Stanley Fischer should have proven that he means to crush inflation. He should have raised interest rates for June by 0.5%, but he elected to raise the rate by a mere 0.25%. His mistake will cost dearly.
When you have to cut off the cat's tail, you don't do it slice by slice. You make one cut. It hurts less. Now Fischer will have to raise interest rates again next month, too.
He know he erred when he raised interest rates twice, each time by half a percent, in March and April this year. Fischer had relied on two assumptions that turned out to be wrong.
He assumed that the U.S. crisis would hit the Israeli economy hard, that the local economy would also slow and as a result, inflationary pressures jacking up prices would abate. It didn't happen. Israel's economy isn't slowing: GDP grew by 5.4% in the first quarter.
Fischer's second wrong assumption was that the price hikes were confined to fuel and food. That inflation was imported, a sort of external shock that could be fought through lowering interest rates. Fischer also thought that the troubles in the U.S. would depress prices of food and fuel, yet oil continued to climb.

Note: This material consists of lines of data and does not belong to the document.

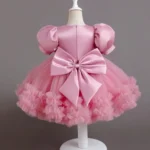 littlejoye Girls Midi/Knee Length Festive/Wedding Dress (Pink, Short Sleeve) - Image 3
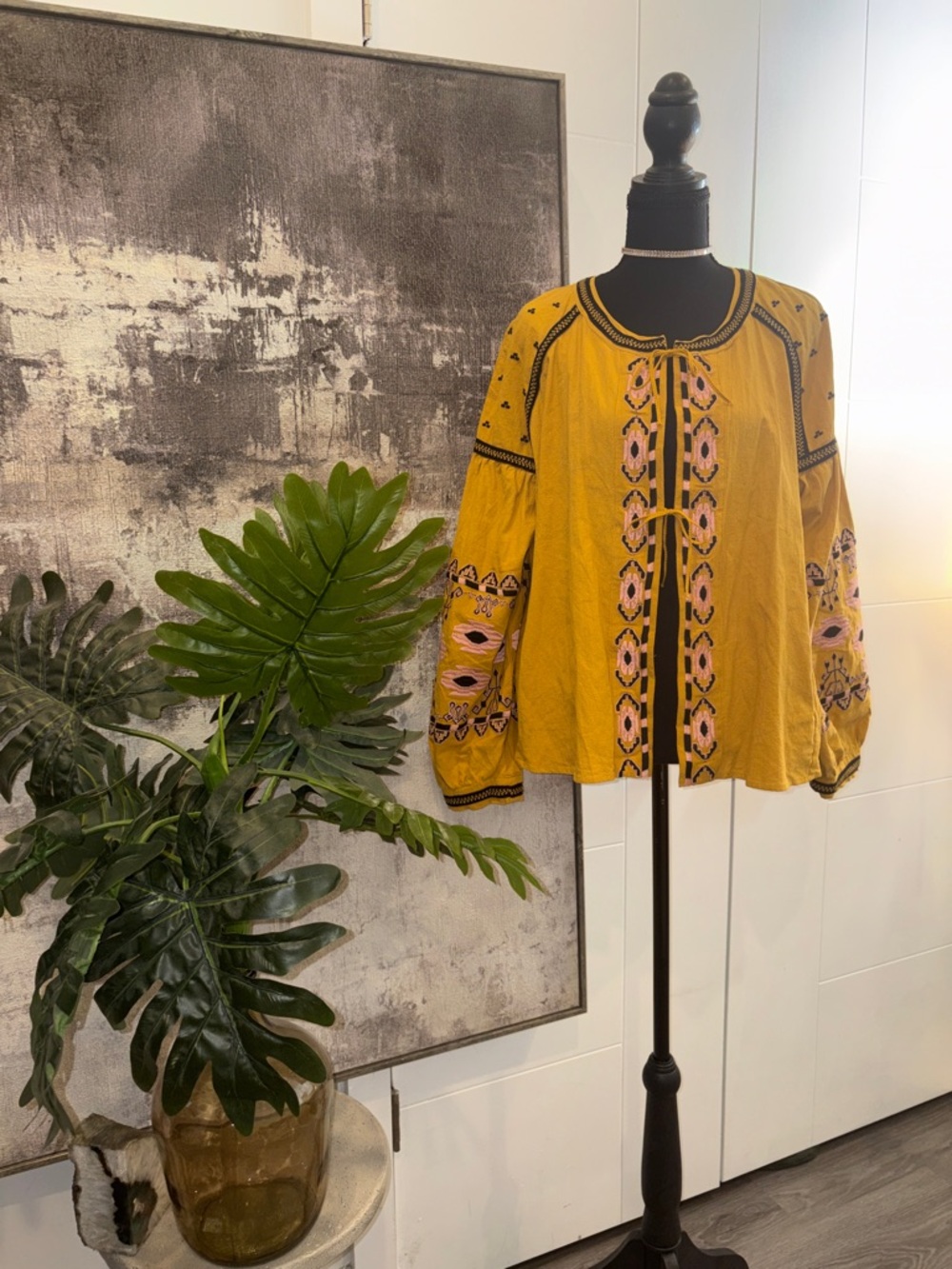 RD Style Mustard Embroidered Peasant Blouse 100% Cotton
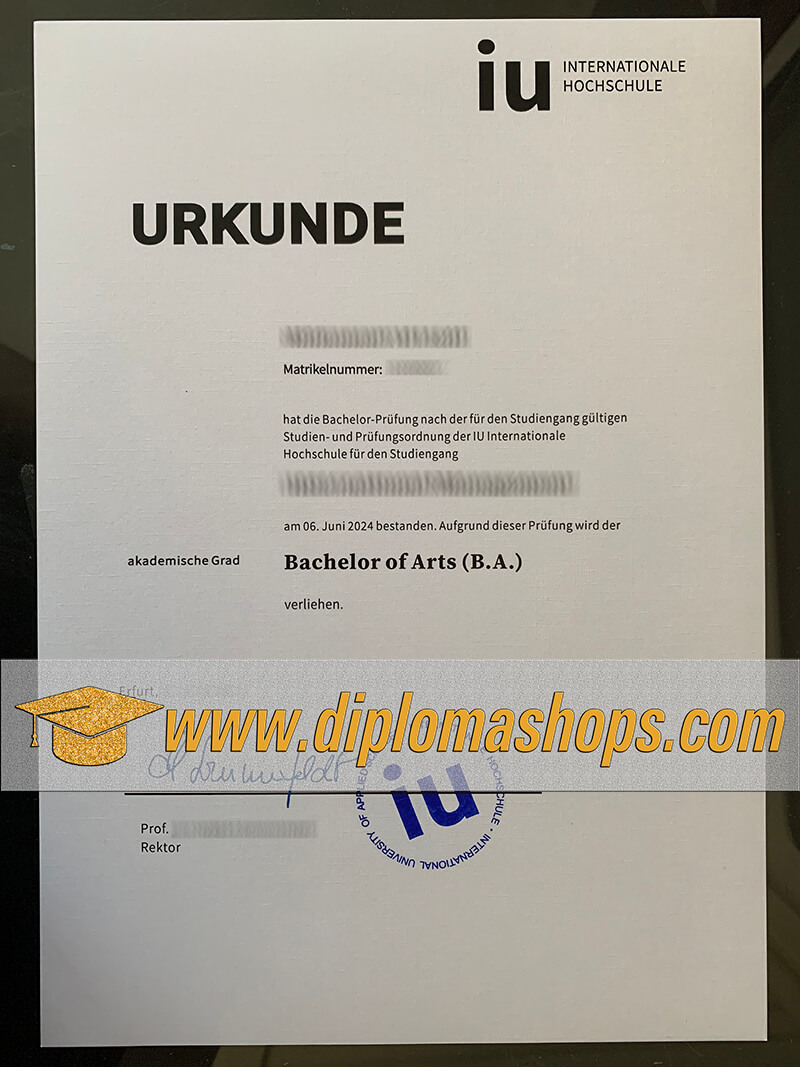 Buy new version IUBH diploma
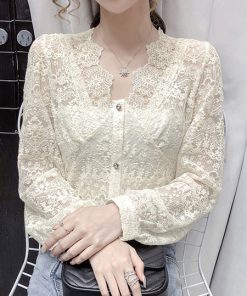 Lace Blouse V-Neck Long Sleeve Casual Shirts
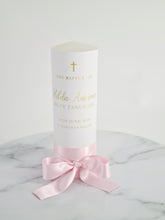 Load image into Gallery viewer, Personalised Baptism Christing Pillar Candle with Baby Pink Satin Ribbon and Gold Foiled Text.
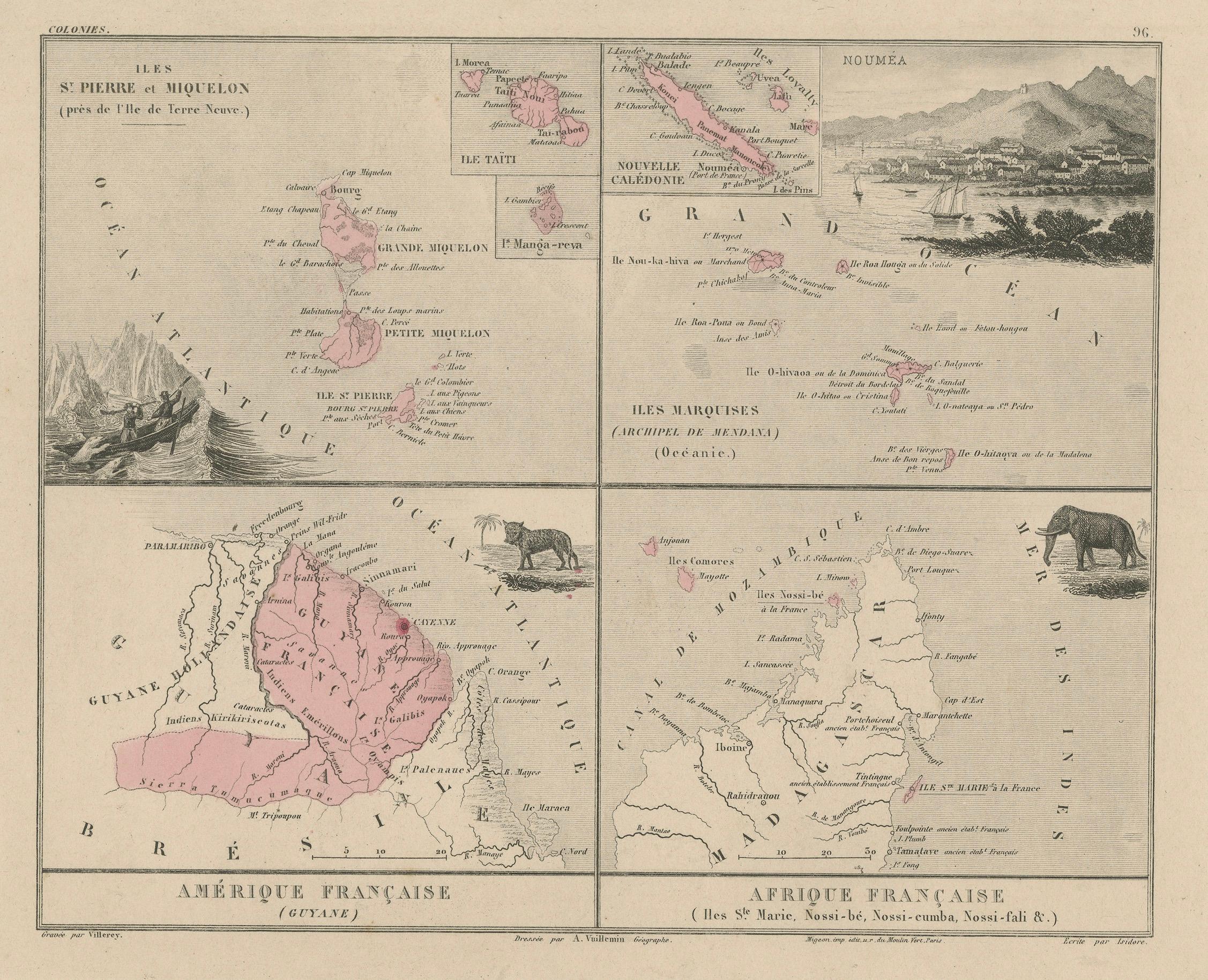 Antique Map of French Colonies – La France, 19th Century In Good Condition For Sale In Langweer, NL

Anyway, when the April consumer price index rose by 1.5%, the Bank of Israel realized that the situation was worse than it had thought. It turned out that not only food and gasoline had risen in price: almost everything had. This was classic demand-driven inflation, against which the Bank of Israel has a weapon. Raising interest rates.
In March and April, Fischer chose to tackle the fear of slowdown, which is why he cut interest and hoped that the dollar would rebound against the shekel. But the public thought the governor was abandoning the war on inflation and shifting to a policy of supporting the dollar. Thus expectations changed. Everybody began to believe that inflation would mount and therefore raised prices, not to be left behind, as it were. It was a classic case of self-fulfilling prophecy. And that's why Fischer should have taken firmer action yesterday. He should have made us really believe that inflation will recede to just 2% in the next 12 months. A quarter-percent won't do that.
Some think the hike will cause a slowdown. No:now expectations of further price hikes will continue and inflation will too, leading to wage demands and strikes.